How to Attach a CSV document to Virtuoso Database Server Instance?

What?

Configuring Virtuoso's Virtual Database (VDB) engine to treat selected CSV (comma-separated variable) files as DBMS TABLEs.

Why?

Attachment of CSV files broadens the range of external data sources which may be used to construct virtual views of heterogeneous data sources, which are ultimately available to the Federated SQL and Linked Data Views services of a given Virtuoso instance.

How?

Using a Table as a Placeholder for CSV Attachment

In this example a SQL TABLE is created and then associated with an external CSV file. This file is situated in a host operating system location that's accessible to the Virtuoso instance using relative (to instance .db file) or full path file name reference (constrained by DirsAllowed entry in Virtuoso INI).
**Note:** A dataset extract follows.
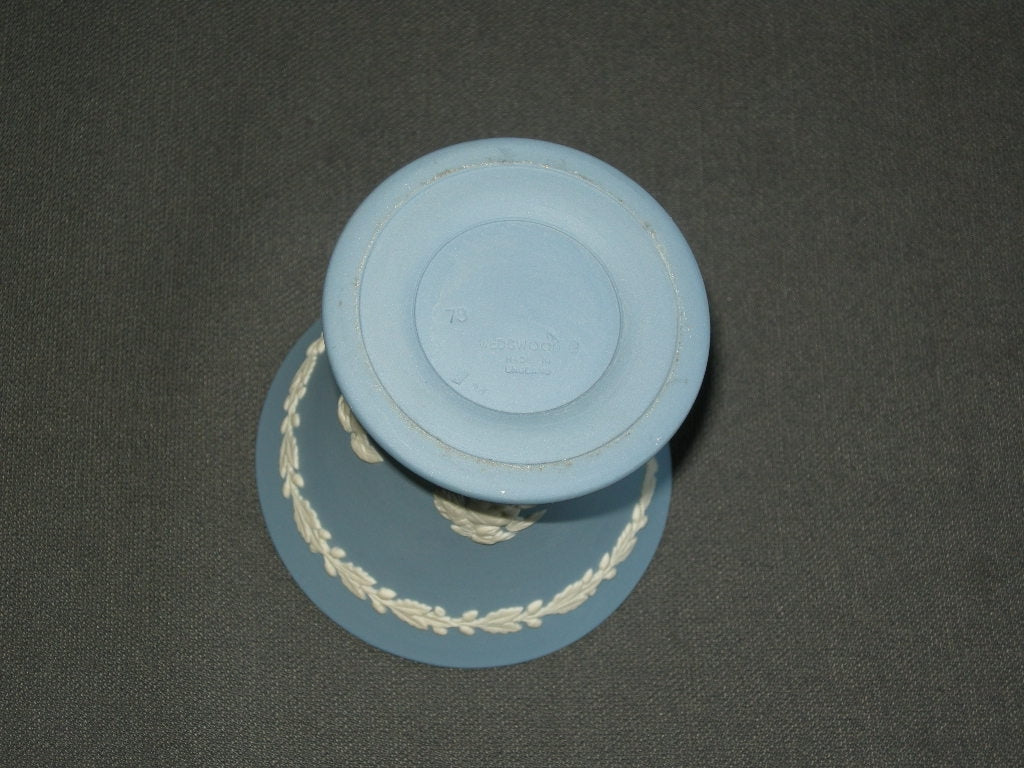 Wedgwood Jasperware blauw 084. vaasje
CSV filename: contacts.csv (which can also be referred to as file:contacts.csv) .

File Content:


Id,Fname,Sname,Age
0,John,Smith,48 
1,Anna,Clarks,62 
2,Rojer,Danrette,27 
3,Kate,Sigton,56 
4,Tim,Craft,41 

CSV File to SQL Table association steps:

  1. CREATE an empty TABLE , using the SQL command:

    CREATE TABLE csv.tutorials.contacts ( Id INTEGER NOT NULL, Fname VARCHAR(20), Sname VARCHAR(20), Age INTEGER, CONSTRAINT demo_table_pk PRIMARY KEY (Id) );

    • Notes:
      • There is no special object type for File Tables corresponding to the tabular data structure represented by the CSV document content;
      • To create a File Table, a user must have DBA group privileges. In addition, access to the referenced file is subject the same file system access functions (e.g., file_to_string and DirsAllowed INI file settings) that govern the whole Virtuoso instance.
  2. Use Virtuoso ft_set_file procedure to associate the above newly created internal TABLE (first procedure argument) with the external CSV file (second procedure argument, in the form of a file name relative to the Virtuoso instance); optional arguments may be used to specify delimiter, newline, and escape characters, respectively:

    ft_set_file ('csv.tutorials.contacts', 'contacts.csv', ',', 1) ;

    • Notes:
      • The text in each field is parsed according to the data type declared for the column whose position in the CREATE TABLE statement corresponds to that field's position on the line. The parsing is as by the SQL CAST function from a VARCHAR value. If the CAST fails, the line is silently ignored.
      • The newline and escape characters must be single character strings. A newline or escape character following the escape character will be added to the parsed input as a literal character, without its special interpretation.
      • Each column in the CSV file is expected to end with the delimiter character. A field of zero length is considered a SQL NULL value; i.e., if two delimiters are adjacent, the field is considered NULL. Likewise, if a line begins with the delimiter, the first field is considered NULL.
  3. Check the inserted data in the csv.tutorials.contacts table:

    SQL> SELECT * FROM csv.tutorials.contacts; Id Fname Sname Age INTEGER NOT NULL VARCHAR VARCHAR INTEGER _________________________________________________ 0 John Smith 48 1 Anna Clarks 62 2 Rojer Danrette 27 3 Kate Sigton 56 4 Tim Craft 41 5 Rows. -- 15 msec.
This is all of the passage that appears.